7) Get literary at Brooklyn Book Festival
Where can you see André Aciman, Jonathan Safran Foer, Maira Kalman and Rivka Galchen in the space of one week? Why, Brooklyn Book Festival, which takes over New York’s bookstores between September 11 and 17. Go to bask in the presence of your favorite authors, hear some hopefully scintillating literary conversations, and check out publishers’ best new releases.
8) See an Arthur Miller classic
When the Belgian theater director Ivo Van Hove brought his production of Arthur Miller’s “A View From the Bridge” to New York, New York Times critic Ben Brantley deemed it “magnificent,” then went on to warn readers they would leave the show “wrung out, scooped out and so exhausted that you’re wide awake.” If that’s your cup of tea, catch the same show – with different stars – at Chicago’s Goodman Theatre, starting September 9.
9) Become immersed in the history of Jewish art
There aren’t many artists who’ve gained popular acclaim for taking on Jewish subjects: Marc Chagall, certainly, and…who else? Learn who you should know about, and don’t, through Georgetown University art historian Ori Soltes’s Edlavitch DCJCC lecture “Three Millenia of Jewish Art,” presented on September 14. Distilled from his book “Tradition and Transformation: Three Millennia of Jewish Art & Architecture,” the lecture will cover the rich, too-often overlooked aesthetic culture of Jews from Ancient Rome to the present day.
10) See Shakespeare get the “Wicked” treatment
Starting September 13, “As You Like It,” Shakespeare’s winding, melancholy comedy of cross-dressing, exile and pastoral romance, gets a makeover from “Wicked” composer Stephen Schwartz at Manhattan’s Classic Stage Company. Transposed into the Jazz Age, the show promises a heady escape.

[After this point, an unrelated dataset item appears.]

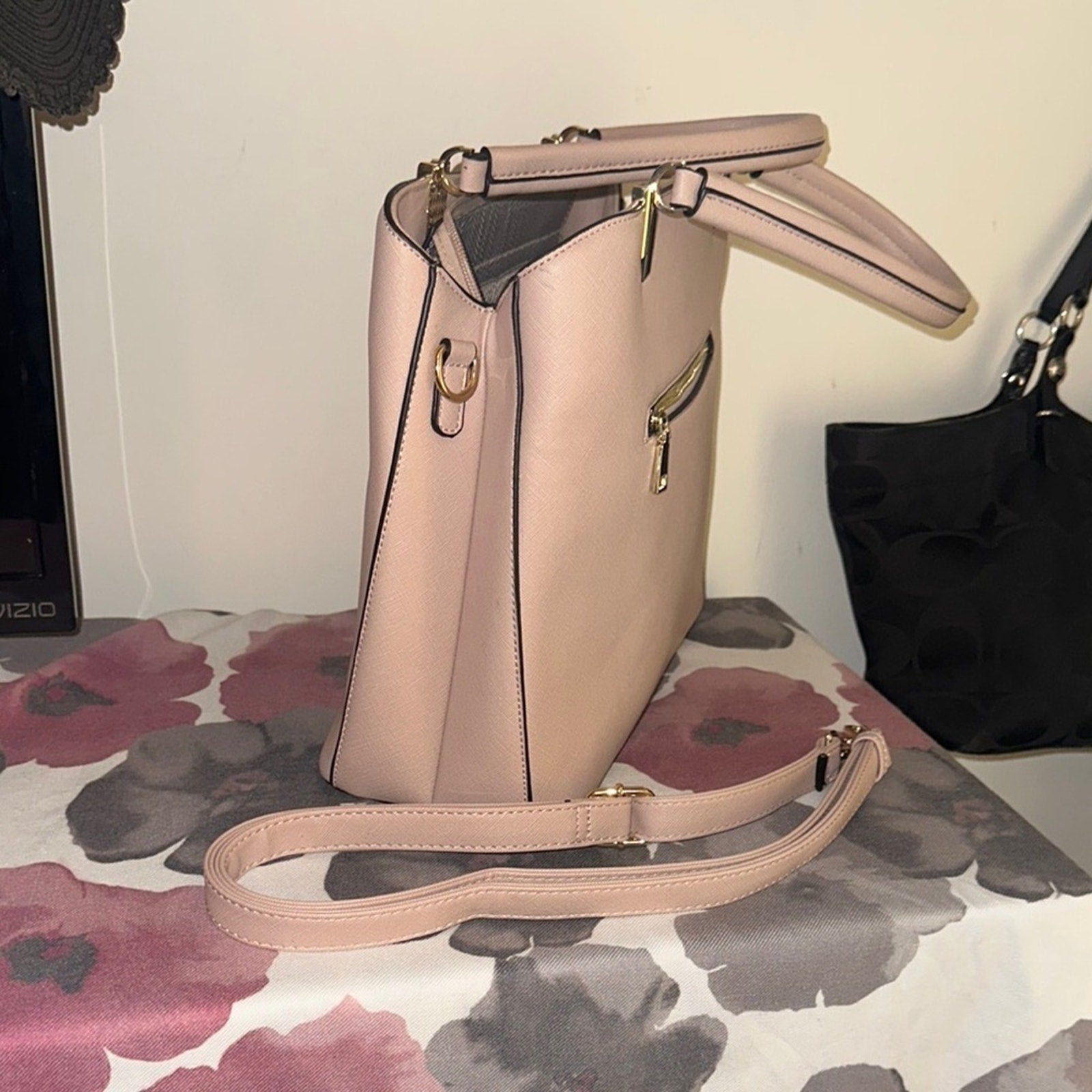 Blush Pink Handbag with crossbody strap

11) Read some of the fall’s best new books
Reference our summer book guide for September recommendations, among them new novels by Nicole Krauss and Naomi Alderman, Daniel Mendelsohn’s memoir “An Odyssey,” and Richard Elliott Friedman’s investigation of the historical truth behind the story of the Exodus. Also out this month, and worth a look, are the late Shimon Peres’s “No Room for Small Dreams: Courage, Imagination, and the Making of Modern Israel,” Franklin Foer’s “World Without Mind: The Existential Threat of Big Tech,” and Ellen Ullman’s “Life In Code: A Personal History of Technology.”